These are the numbers that the Joint Budget Committee has been waiting for to finalize its recommendations for the 2018-19 budget year. Republicans and advocates for more transportation spending have already seized on the numbers to support a plan to ask voters to approve new debt to pay for road construction and dedicate up to $300 million a year to pay off that debt.

Of course, these forecasts are also inherently speculative – and legislative economists warned these forecasts contain even more uncertainty than usual.

State Rep. Millie Hamner, the Dillon Democrat who chairs the Joint Budget Committee, summed up the message as one of caution about dedicating too much of the new revenue to ongoing expenses. The more that gets committed, the harder it will be for the state to meet all of those commitments in future years.

Those who want to see Colorado spend more on K-12 education have pushed back on the Republican roads bill out of fear that the commitment could make it harder to send more money to schools in the future.

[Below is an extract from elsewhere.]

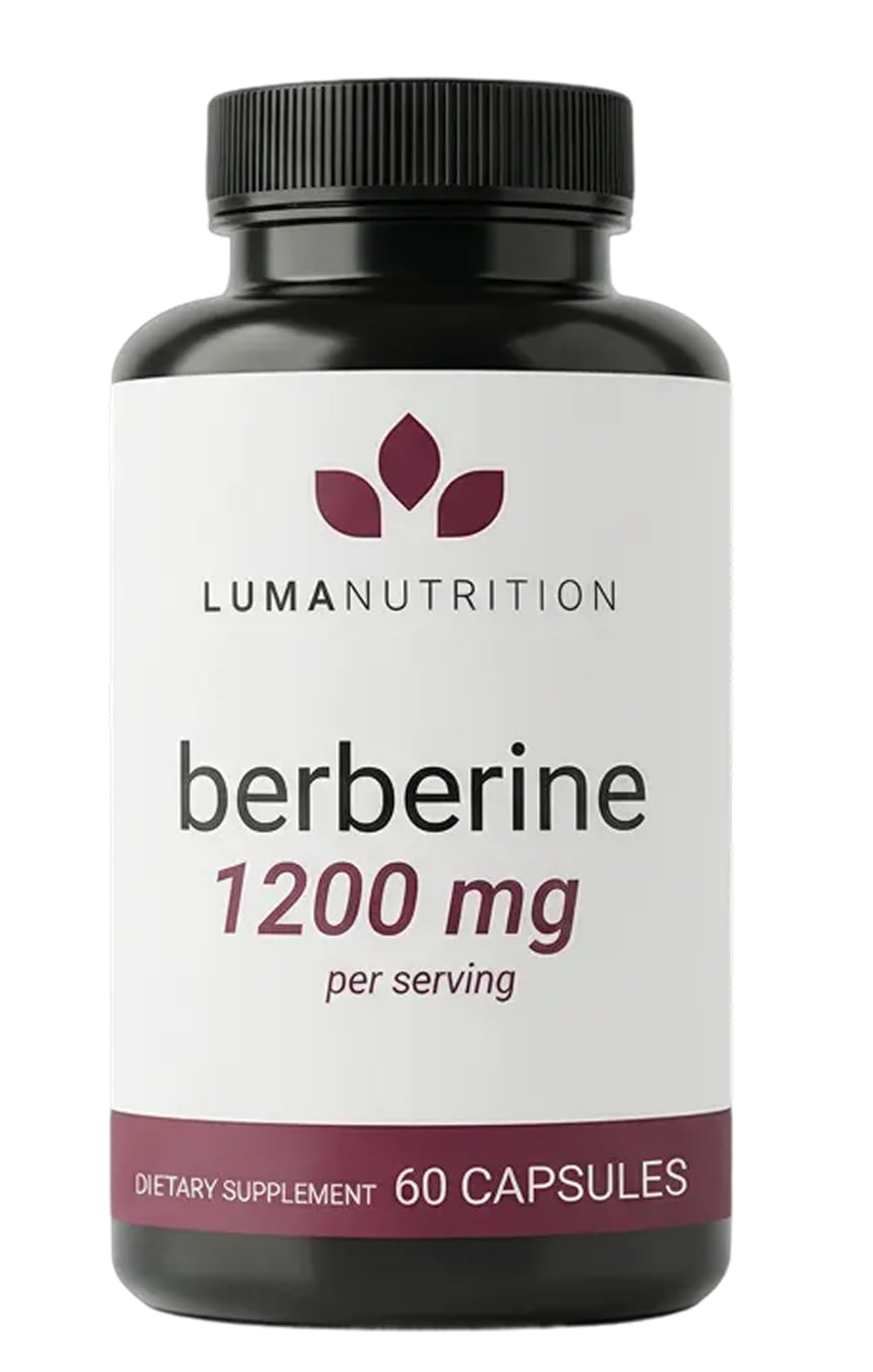 Luma Nutrition Berberine Supplement - Berberine HCL 1200mg Per Serving - 97% Berberine HCl - Vegan, Gluten Free - 60 Capsules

The governor’s budget director Henry Sobanet recommended treating much of this new money as “one-time” funds that should go to “one-time” uses. In a letter to the Joint Budget Committee, he laid out a plan.

In the case of roads spending, he’s recommending an extra $500 million for road construction in 2018-19, but only $150 million in 2019-20. And in the case of education, he’s recommending an additional $200 million in 2018-19 and an additional $100 million the following year.

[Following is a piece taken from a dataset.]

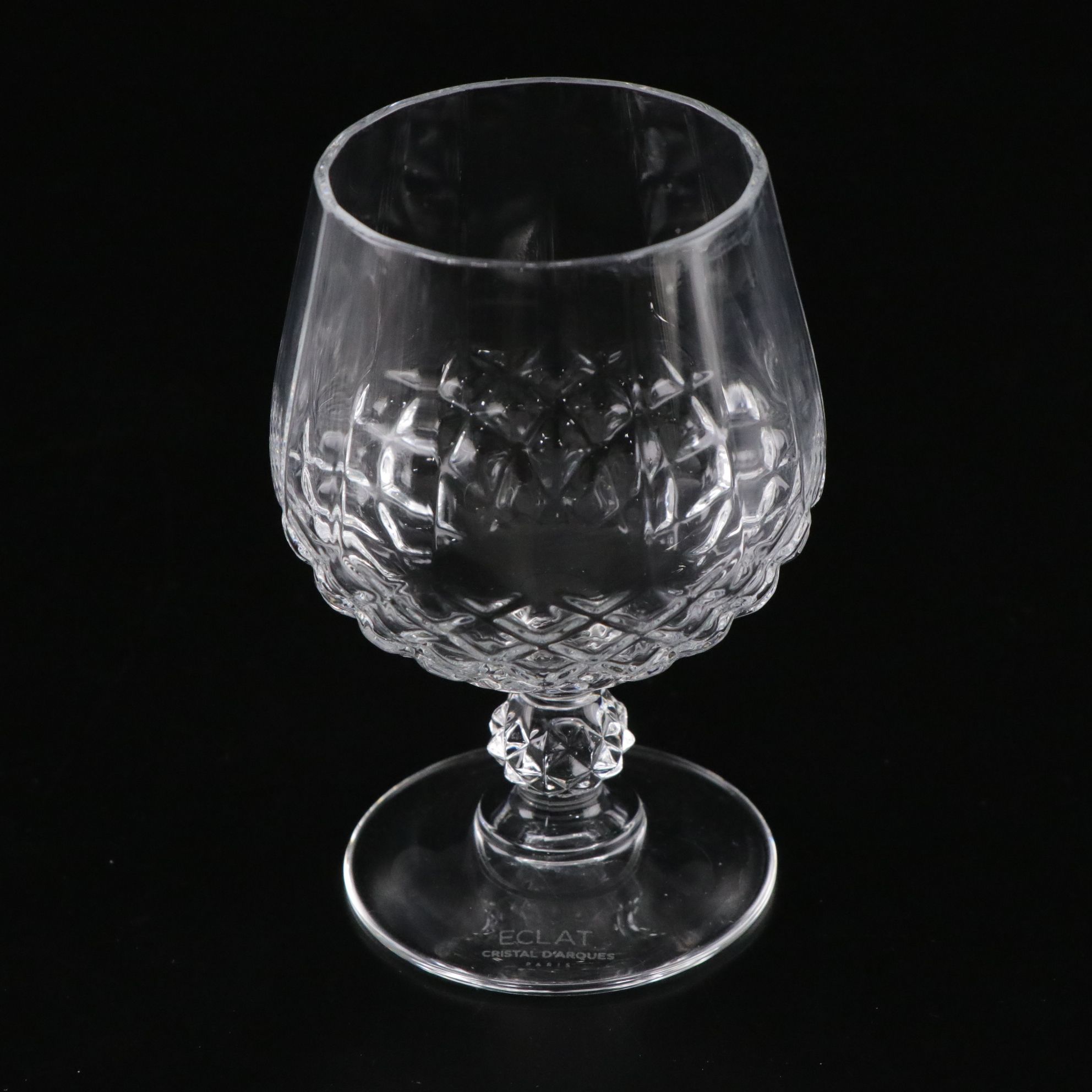 Cristal d'Arques Durand "Longchamp" Crystal Water Goblets, Brandy Glasses & More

However, this extra money might not show up in classrooms – or rather, it might show up in a lack of cuts rather than new money.

The governor’s budget request already called for a reduction in the budget stabilization factor of $100 million. That’s the amount by which Colorado underfunds K-12 education compared to the requirements of Amendment 23. In this budget year, it’s $822 million, after a mid-year adjustment. Some of the extra money could go toward reducing it even further.

However, Sobanet said he envisions most of it going to offset reductions in local property tax revenue that will be caused by a provision of the Colorado constitution that governs the ratio between residential and commercial property tax revenue.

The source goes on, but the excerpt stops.